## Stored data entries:

****************************************

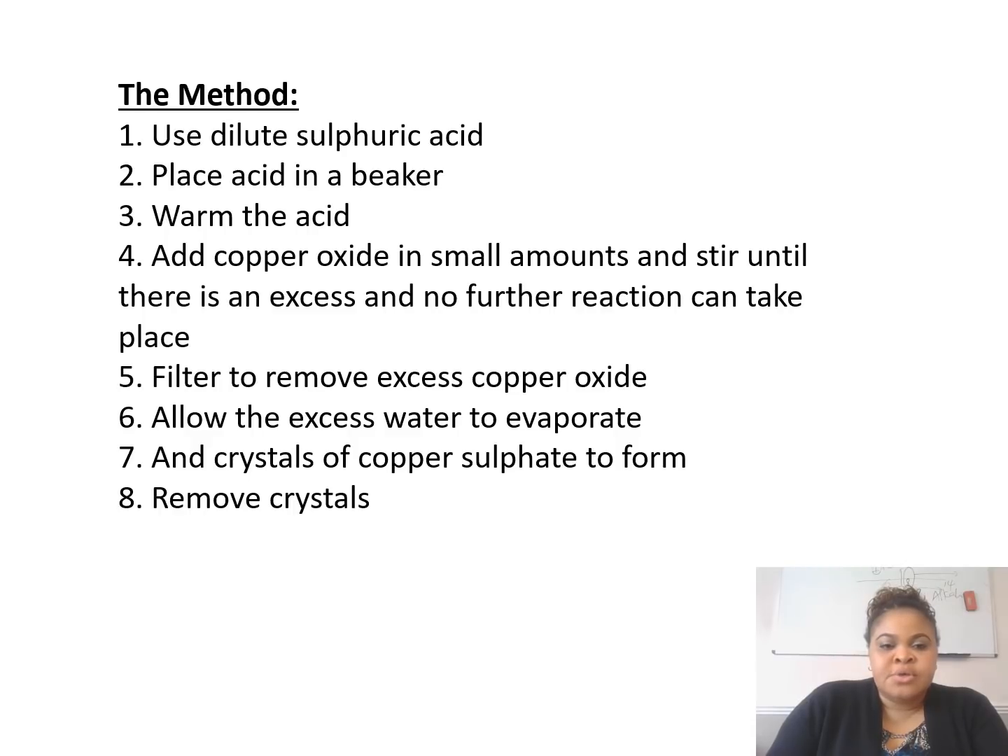The method: use dilute sulfuric acid, place the acid in a beaker, warm the acid, and add copper oxide in small amounts. Copper oxide is a black powder. You keep adding and stirring until you have some that are not dissolved. The whole reason is so that you can be sure that all of the sulfuric acid has fully reacted.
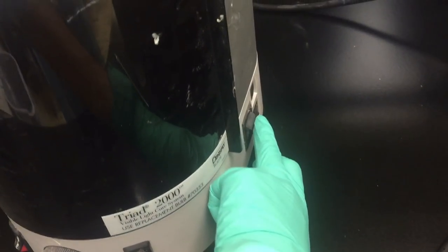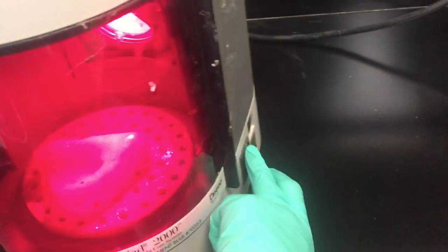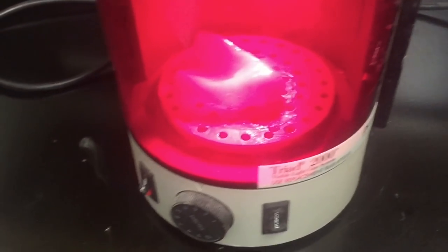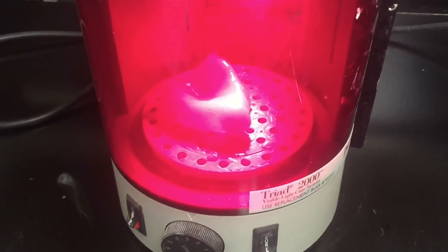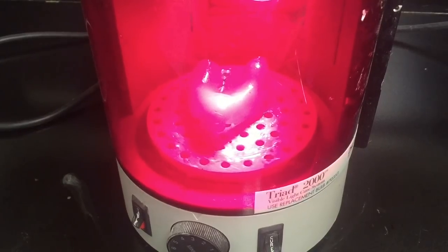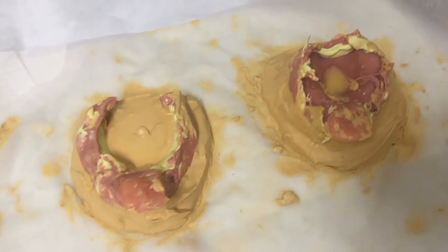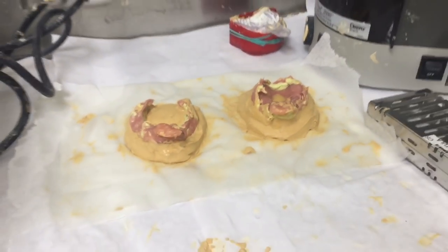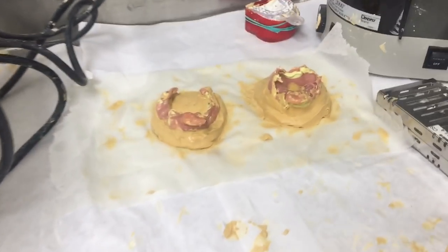The reason we make custom trays is to create a master impression, which is the final impression used to make the denture base. Alginate impressions don't capture the mouth as accurately, so we need these custom trays that fit better inside the patient's mouth in order to create that final master impression.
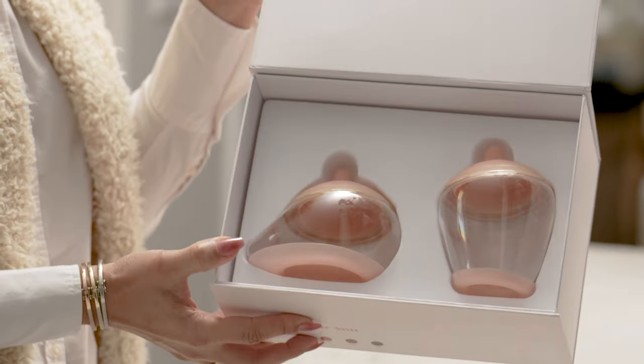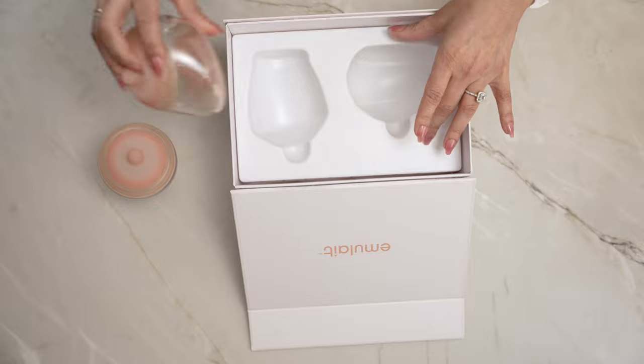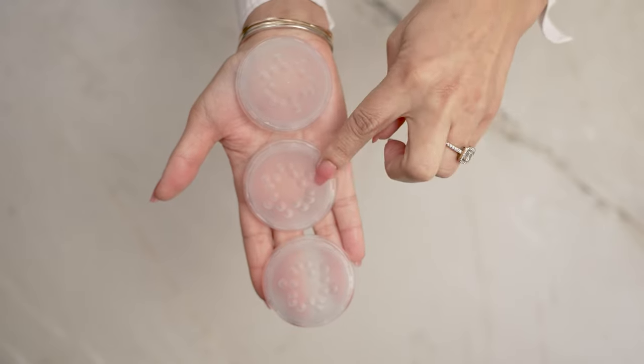Hi, my name is Alexis and I'm going to do a brief tutorial on how to use your brand new Emule bottle. The Emule bottle must be used with a flow control inside the nipple. Lift the tray to find your slow, medium, and fast valves.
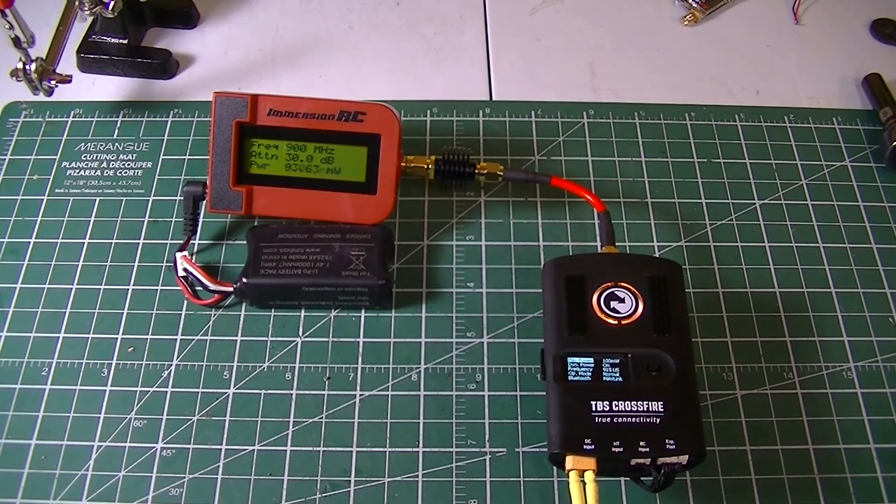There you go, pretty close. Again, that's the TBS Crossfire powered by an external 3S LiPo.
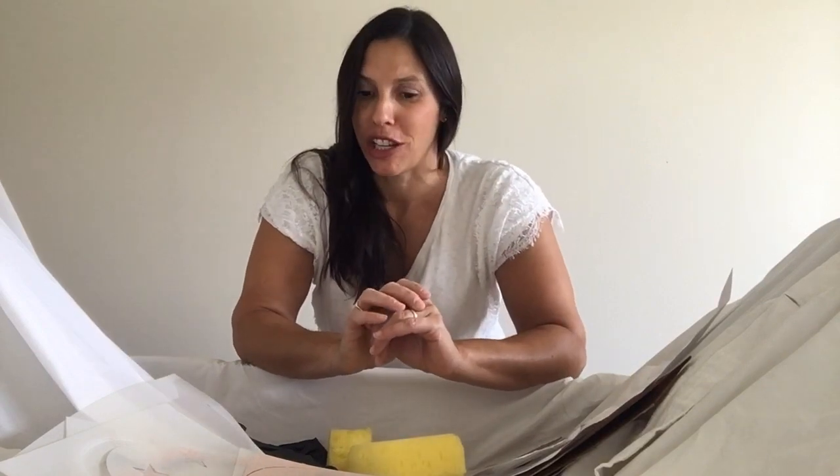Hi, this is Lisa with Youthful Nest and I am back in baby number two's nursery. We are doing a beautiful makeover — going from blah to babylicious. We started with step number one, which was to paint the entire room this beautiful fresh creamy white. It also makes for a beautiful and clean canvas.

****************************************

## ASSIGNMENT:
The answer must consist solely of the lines from the first line of the data through the line containing "The reason we", inclusive, reproduced exactly and without pictures.

## EXERCISE ANSWER:
The method: use dilute sulfuric acid, place the acid in a beaker, warm the acid, and add copper oxide in small amounts. Copper oxide is a black powder. You keep adding and stirring until you have some that are not dissolved. The whole reason is so that you can be sure that all of the sulfuric acid has fully reacted.
The reason we make custom trays is to create a master impression, which is the final impression used to make the denture base. Alginate impressions don't capture the mouth as accurately, so we need these custom trays that fit better inside the patient's mouth in order to create that final master impression.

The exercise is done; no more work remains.